Feargus O'Sullivan is a contributing writer to CityLab, covering Europe. His writing focuses on housing, gentrification and social change, infrastructure, urban policy, and national cultures. He has previously contributed to The Guardian, The Times, The Financial Times, and Next City, among other publications.
The Haussmanhattan blog shows what Manhattan-On-Seine might have looked like.
What would Paris look like if you combined it with New York?
You could spend all day dreaming about a mashup of the French capital’s grand boulevards interspersed with Manhattan’s skyscrapers—or you could jump head-first into a beautifully vintage alternate reality created by Paris architect and photographer Luis Fernandes and shared on his blog, Haussmanhattan. Fernandes uses old photos of both cities to create striking collages of urban landscapes that seem strangely real. In Haussmanhattan’s elegant visual creations, the Flatiron Building reappears on the prow of the Île de la Cité, the Woolworth Building pokes out from clouds next to the Eiffel Tower, while the neck of the Invalides’ dome is stretched into a cloud-scratchingly high cylinder towering over the city.

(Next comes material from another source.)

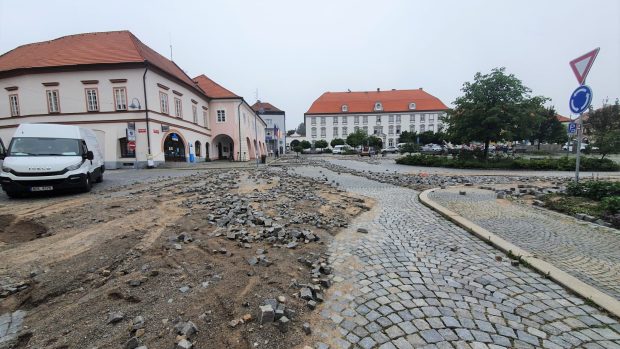 Následky bleskové povodně na náměstí v Týnu nad Vltavou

The results are eerily effective thanks to the careful choice of black and white photos. It also sticks to Manhattan landmarks finished well before World War II, whose masonry facades blend more easily into Parisian surroundings. Curiously, the result of this combination of aesthetics of 1920s Paris and 1920s Manhattan turns out to be somewhat familiar to people who have visited the Eastern Bloc. The combination of broad European-style boulevards with tall towers still clad in historicist embellishments at times looks rather like Moscow or Kiev, where elaborate Stalinist towers hover over wide, tree-lined avenues. Haussmanhattan’s hybrid city might look like a delightful place to explore, but most of us will be glad that it’s striking combination of Baron Haussman and Ernest Flagg remains fictional.